Log a backtest to MLflow¶
flox_py.mlflow writes FLOX backtest output into MLflow
runs so they show up in the MLflow UI. mlflow is an optional
dependency:
Python-only for now. Node / Codon backtests can produce the same JSON stats; if you want them in MLflow, route them through any MLflow client (REST API, language SDK).
One-shot logging¶
Run a backtest, then log it.
import flox_py as flox
from flox_py import mlflow as flox_mlflow
registry = flox.SymbolRegistry()
btc = registry.add_symbol("exchange", "BTCUSDT", tick_size=0.01)
bt = flox.BacktestRunner(registry, fee_rate=0.0004, initial_capital=10_000)
bt.set_strategy(MyStrategy([btc]))
stats = bt.run_csv("btcusdt_1m.csv", symbol="BTCUSDT")

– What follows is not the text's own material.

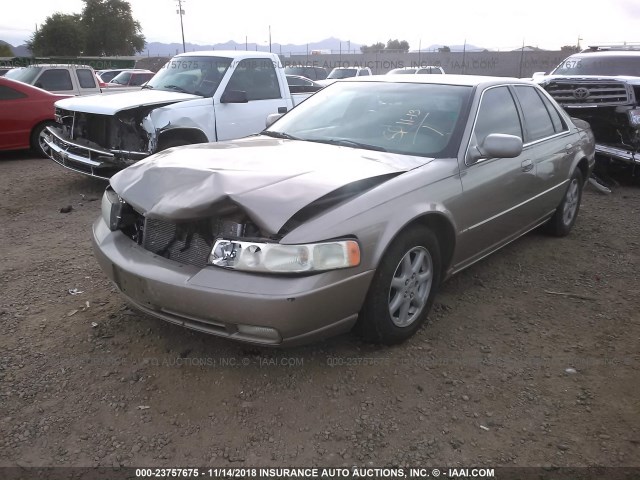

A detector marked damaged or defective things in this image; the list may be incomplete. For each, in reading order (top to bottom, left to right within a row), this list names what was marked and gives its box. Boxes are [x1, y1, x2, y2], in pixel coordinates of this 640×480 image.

run_id = flox_mlflow.log_backtest(
stats=stats,
equity_curve=bt.equity_curve(),
trades=bt.trades(),
params={"fast": 10, "slow": 30, "fee": 0.0004},
run_name="sma-crossover-2025-01",
experiment="my-strategy",
)
print(f"logged as run {run_id}")
What ends up where:
| Source | MLflow field |
|---|---|
Numeric stats keys (return_pct, sharpe, max_drawdown_pct, total_trades, win_rate, …) |
metrics |
Non-numeric stats keys (timestamps, names) |
tags |
params |
params |
equity_curve |
equity_curve.csv artifact, plus equity_curve.png when matplotlib is installed |
trades |
trades.csv artifact |
html_report (path to a file) |
the file attached as an artifact |
tags |
run tags |
NaN and Inf are not valid MLflow metrics. The integration records them as tag strings instead so the value is still visible in the UI.
Context-manager flow¶
log_to_mlflow opens a run, yields a logger, and closes the run on
block exit. Use it when you want extra params, tags, or artifacts in
the same run.
with flox_mlflow.log_to_mlflow(
run_name="grid-cell-fast=10-slow=30",
experiment="my-strategy",
) as run:
run.log_params({"fast": 10, "slow": 30})
run.log_tags({"data": "btcusdt_1m_2024Q4"})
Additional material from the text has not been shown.